Lecture 06: Relationships, Sets, and Running Times

Overview

  1. Relationships Between ADTs
    • Lists
    • Deques
    • Queues
    • Stacks
  2. The Set ADT
  3. Implementing Sets
  4. Running Time Assumptions

Relationships Between ADTs

Other ADTs

  • List
  • Deque
  • Stack
  • Queue

Simulating Operations

Question.

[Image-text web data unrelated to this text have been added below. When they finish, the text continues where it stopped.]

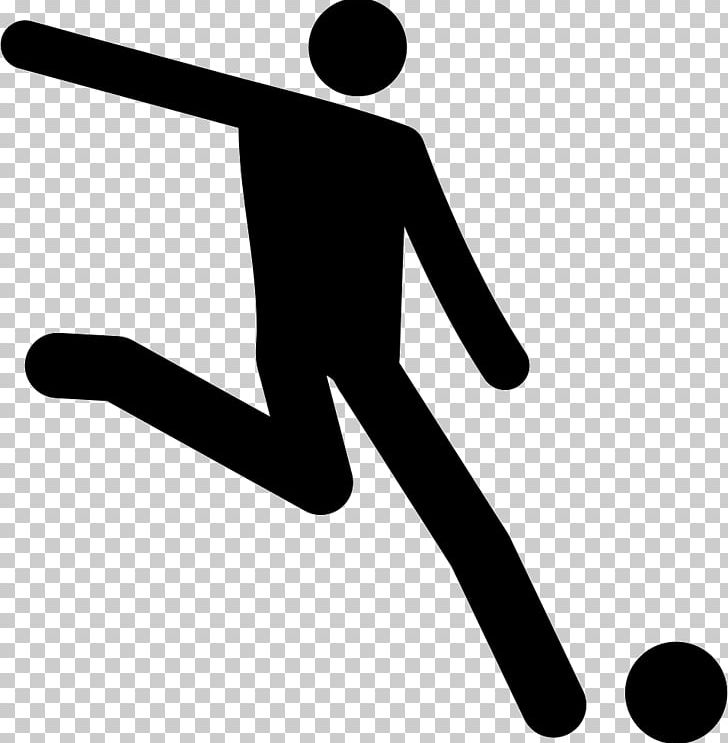 Computer Icons Football Player Brazil National Football Team Sport PNG, Clipart, Angle, Area, Ball, Black, Black And White Free PNG Download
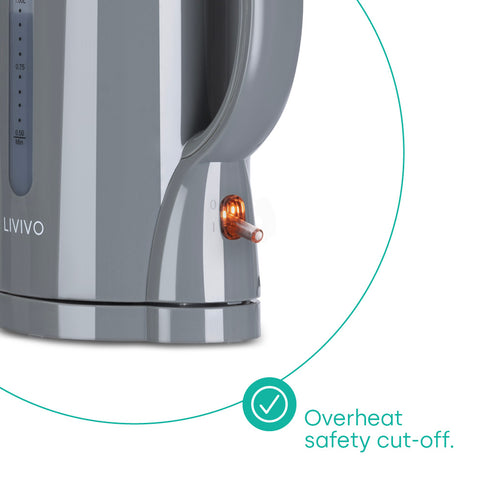 1L Travel Kettle - Grey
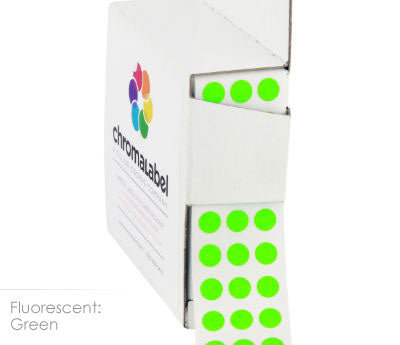 1/4" Permanent Round, Color-Code Dots: 1,000/Box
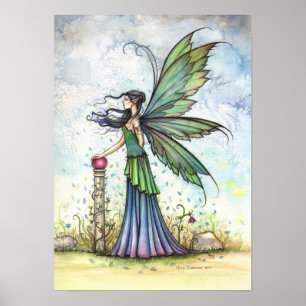 Winds of Spring Fairy Art Poster Print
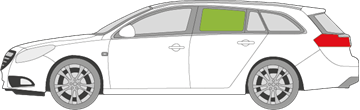 Afbeelding van Zijruit links Opel Insignia break 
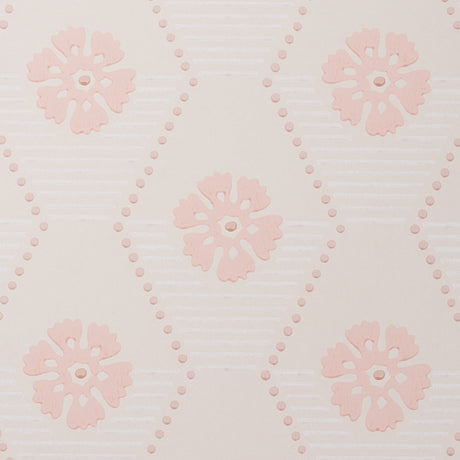 Schumacher 5013163 HIVE BLOOM in BLUSH Wallpaper - HOBE ERWI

Given a List, how can you simulate a Deque?

  • addFirst?
  • addLast?
  • removeFirst?

You’ve Already Seen This!

public class ASLDeque<E> implements SimpleDeque<E> {
    private SimpleList<E> list = new ArraySimpleList<E>();
	
    public int size() { return list.size(); }

    public boolean isEmpty() { return list.isEmpty(); }

    public void addFirst(E x) { list.add(0, x); }

    public E removeFirst() { return list.remove(0); }

    public E peekFirst() { return list.get(0); }

    public void addLast(E x) { list.add(list.size(), x); }

    public E removeLast() { return list.remove(list.size() - 1); }

    public E peekLast() { return list.get(list.size() - 1); }
}

Question

If we can always use a List, why would we ever want just a stack/queue/deque?

Designing for Efficency

Use the simplest ADTs that provides the required functionality to solve a problem

  • a straightforward implementation of a simple ADT is often more efficient than a sophisticated implementation of a more general ADT

See, e.g., Assignments 2 and 3

Sets

Sets

A set is a collection of unique elements

  • any element appears only once in the set

  • no order (index) associated with elements

Sets of numbers:

The Set ADT

Basic Operations:

  • determine size of set (number of distinct elements)
  • add an element to the set, if not already present
  • remove an element from set if present
  • find and return an element in set, if present

Set Example

Example \(\texttt{set} = \{2, 3, 4, 7, 11\}\)

  • set.add(3)
  • set.add(5)
  • set.remove(4)
  • set.find(7)
  • set.find(8)

SimpleUSet Interface

public interface SimpleUSet<E> {
    int size();

    boolean isEmpty();

    boolean add(E x);

    E remove(E x);

    E find(E x);
}

Question 1

How can we implement a SimpleUSet using a SimpleList?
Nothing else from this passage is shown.